We could think of that sort of heroism as a defining moment for a man's character. Yet to Christians, the best moments aren't the ones where we display virtues, but the ones where we own up to vices. So while reviewing Hyde's life, I was struck especially by this tale from Hyde's days as Illinois House majority leader, as reported in the Nov. 30, 2007 issue of Chicago Sun-Times:

U.S. District Court Judge Wayne Andersen was an aide to Hyde at the time. He remembers Hyde fighting partisanship in Springfield, where a closely divided House was voting down every bill at the end of a session.

"Hyde stood up and said, 'I just voted against that bill out of anger at the other side. It was a mean-spirited vote and that's not how we ought to vote. I move to reconsider that bill and the previous 30 we just voted down.'" Most of the bills then passed, said Andersen.

That sort of repentance may be the rarest quality in powerful men. It was what made David "a man after God's own heart;" he found favor in God's eyes because he repented and sought forgiveness. And David's example may well have held special meaning for Hyde, a Christian who, a few years earlier, had his own Bathsheba. "When he told his wife about the affair, he broke down, filled with shame that continued to haunt him for the rest of his life. His late wife Jeanne forgave him, but he never forgave himself."

Thankfully, God did. And with God forgiveness means our sins are remembered no more.

Thankfully, too, Hyde won't be remembered for his sins in this world either. He'll be remembered, chiefly, for the work he did and the lives he saved.

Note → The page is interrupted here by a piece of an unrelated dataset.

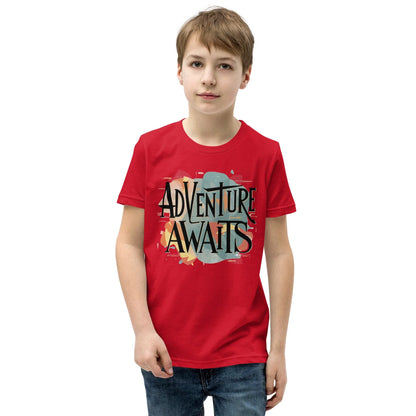 Youth Short Sleeve | Adventure Awaits - T-Shirt - AwRans Clothing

Hyde was in the forefront of the pro-life fight virtually since the time it was legalized, long before a lot of other people joined up. He took a lot of heat and he suffered his share of indignities for it. (The American Civil Liberties Union actually spied on him as he went to church, hoping to convince courts that laws Hyde sponsored infringed on the "separation of church and state.") He didn't back away from the issue, in the legislature or outside it. He'd travel to speak at crisis-pregnancy center fundraisers and pro-life events. Unlike many politicians with decent voting records on abortion, he wasn't seeking support from pro-lifers: He was one of them in his heart.

There's no telling how many lives were saved through his efforts. I've told in a previous column how a single pro-life display at my own church helped prevent several abortions — how "for years afterward, when seeing a child playing in a park, I've often thought 'for all I know, that could be one of ours.'" How many lives, then, were saved through the decades-long efforts of Henry Hyde?

In her tribute to Hyde, Candice Watters closes simply by praying that "God will raise up leaders to continue his work." Amen to that. Leaders like Hyde aren't commonplace: When we get them we should be thankful, and when we lose them we should take some time to honor their legacy.